The constitution clearly delineates between "Law" and "Impeachment", and the two are unrelated. I see the word "nevertheless" here meaning "this clause is about impeachment, not about the method of criminally prosecuting the president in spite of their absolute immunity", rather than "but if you remove them from office, you can now also do this other stuff".

I could be wrong, and if so I think you make a compelling argument for what right looks like.

Edit: See The_Nybbler's point here.

But again, this does nothing. There's no declarative requirement for the President to e.g. invoke executive privilege. The President has absolute immunity for seeking opinions from his officers, it's not something he has to argue, he just says he was seeking an opinion and that's the end of the discussion; you can't subpoena parties or submit records of the conversation as evidence, and without that, you have no evidence of bribery. And as far as I can tell, impeachment (even after leaving office, which is out on a limb at best) doesn't strip absolute immunity. There is no legal battle, because the required evidence to prove a crime or any circumstances under which immunity wouldn't apply, impeachment or otherwise, cannot be considered by the court.

The outcome of an impeachment is, at worst, removal from office. Nothing about impeachment appears to grant anyone authority to strip absolute immunity conferred to actions taken pursuant to constitutionally granted powers of the President while the President was President.

ETA:

Judgment in Cases of Impeachment shall not extend further than to removal from Office, and disqualification to hold and enjoy any Office of honor, Trust or Profit under the United States: but the Party convicted shall nevertheless be liable and subject to Indictment, Trial, Judgment and Punishment, according to Law.

I'd read that as allowing subsequent prosecution, but not somehow removing absolute immunity from actions taken while still the President. If not, you could plausibly impeach and try every president immediately after they leave office, or whenever an opposing party gets a majority in the Senate, for crimes even intended to be obviated by the president's official powers. In which case, why grant immunity at all?

what's stopping the next president from ordering the DOJ to prosecute and investigate?

Nothing, they just can't build a case if it depends on evidence precluded by simple absolute immunity.

What's stopping Congress from issuing a subpoena and hauling the last guy in?

The aforementioned simple absolute immunity.

What's stopping a federal prosecutor from opening a case and bringing charges?

Aside from bribery cases being guaranteed to fail in the absence of evidence of mental state, nothing.

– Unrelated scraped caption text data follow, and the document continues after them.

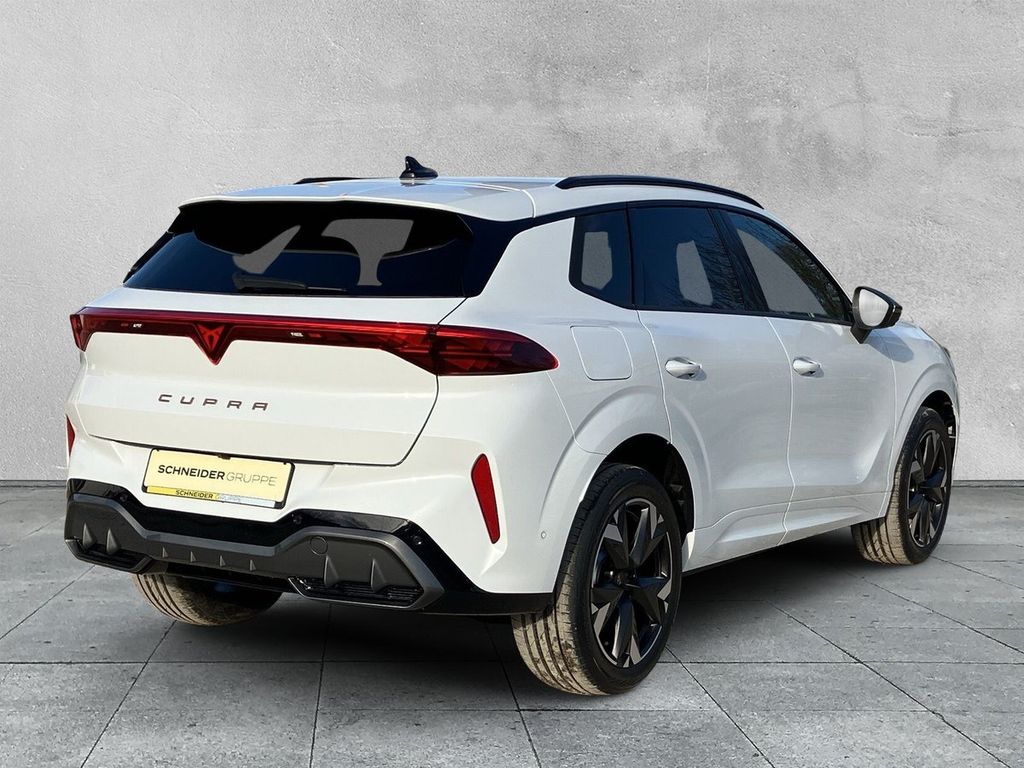 Cupra Terramar 2025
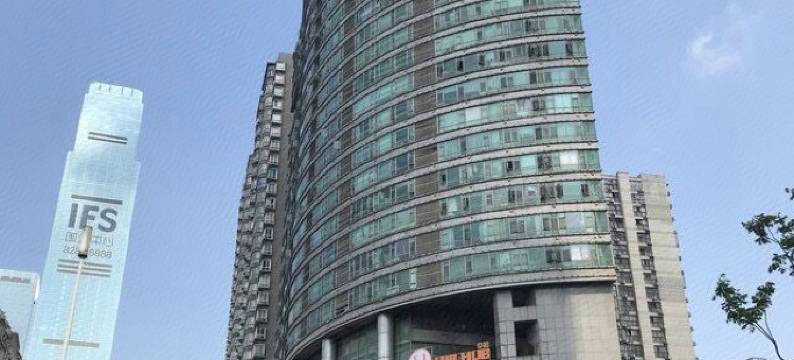 长沙彩蝶艺术酒店(五一广场IFS国金中心店)图片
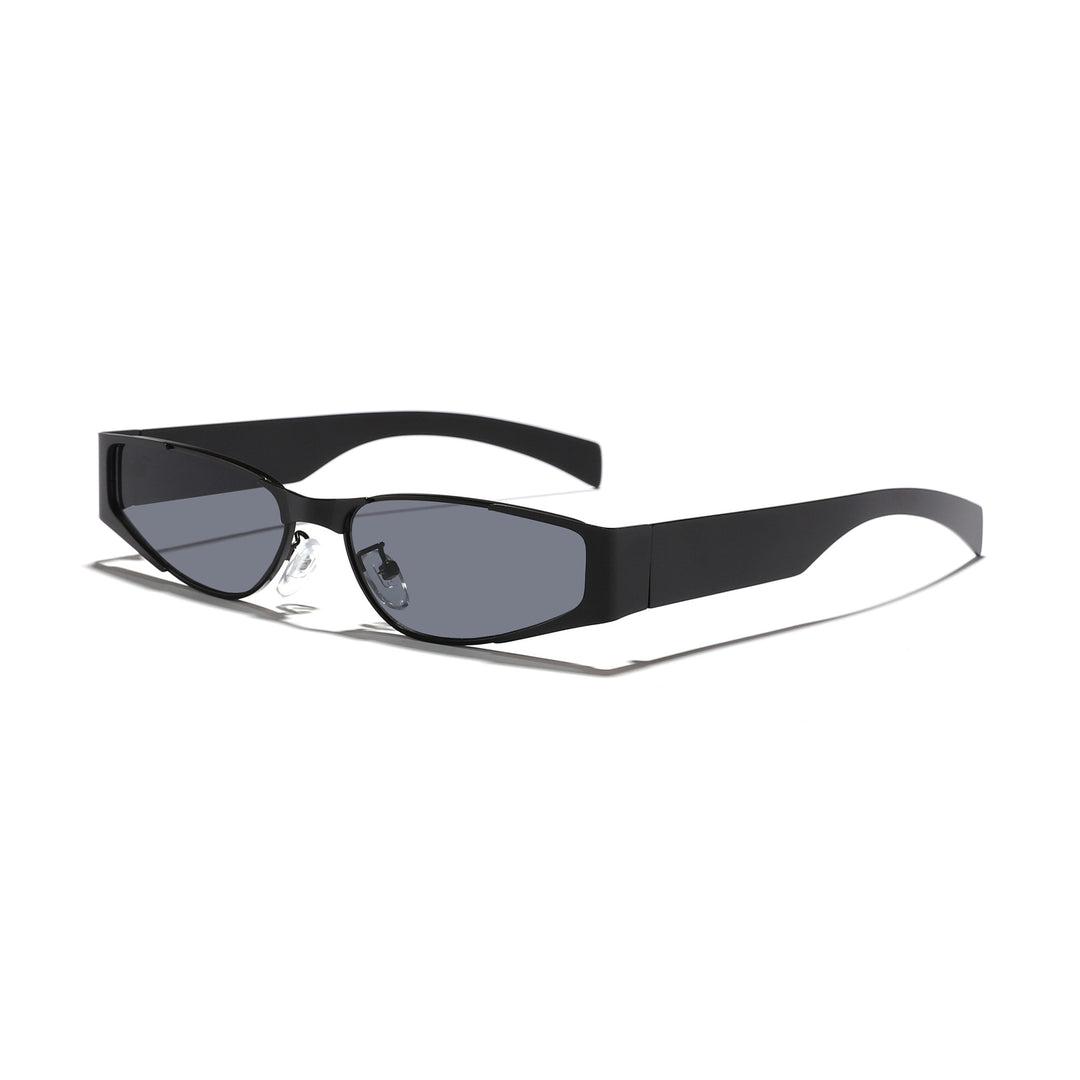 Women futuristic slim sunglasses Stornfield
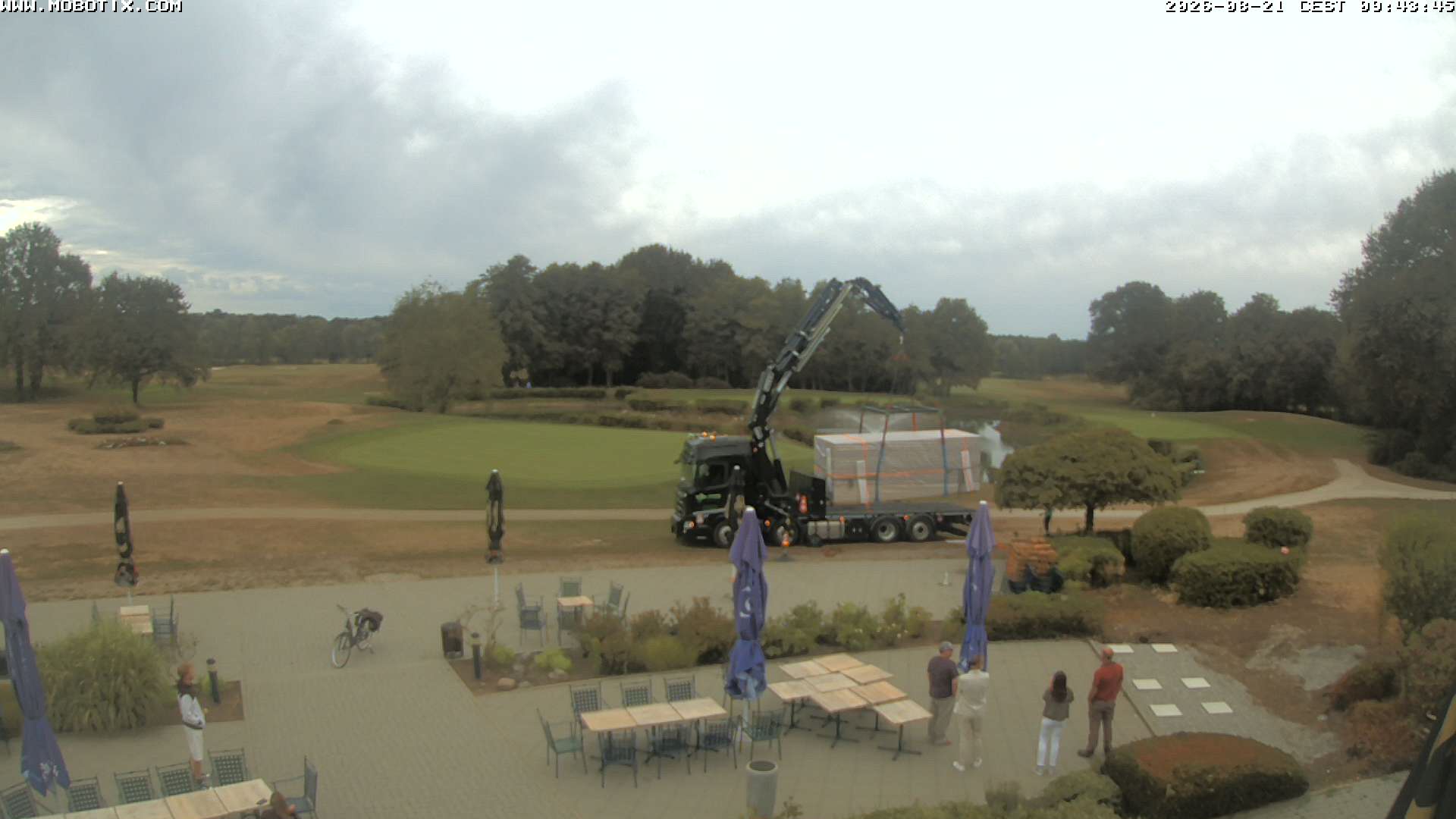 Webcam Golf Club Soufflenheim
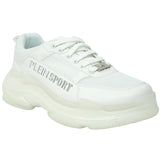 Plein Sport SIPS1001 01 White Sneakers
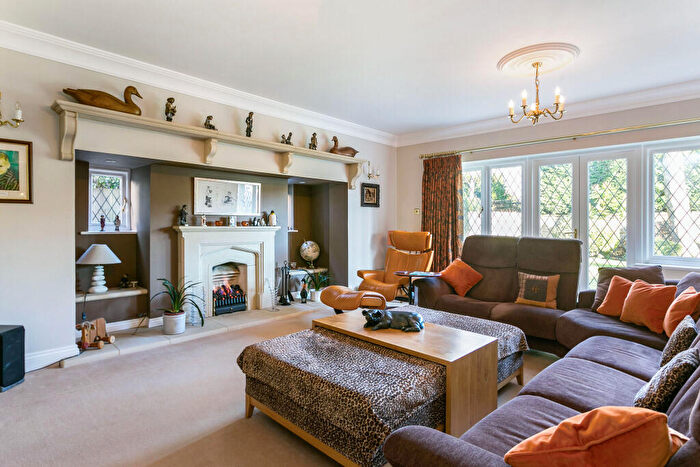 6 Bedroom Detached House For Sale In Miller Place, Gerrards Cross, SL9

For bribery specifically, you must prove the President's mental state of knowingly taking a bribe. The majority ruling explicitly forbids the courts from considering the President's mental state when determining if actions taken under the powers granted by the constitution are improper. And the president talking to his executive officers is explicitly a power granted by the constitution. So if the President says he wasn't taking a bribe, he was just talking with his officers... End of story, this crime cannot be prosecuted because evidence to the contrary is subject to absolute immunity, and is required for conviction.

What good does it do to prosecute a case if, by definition, you are guaranteed to fail?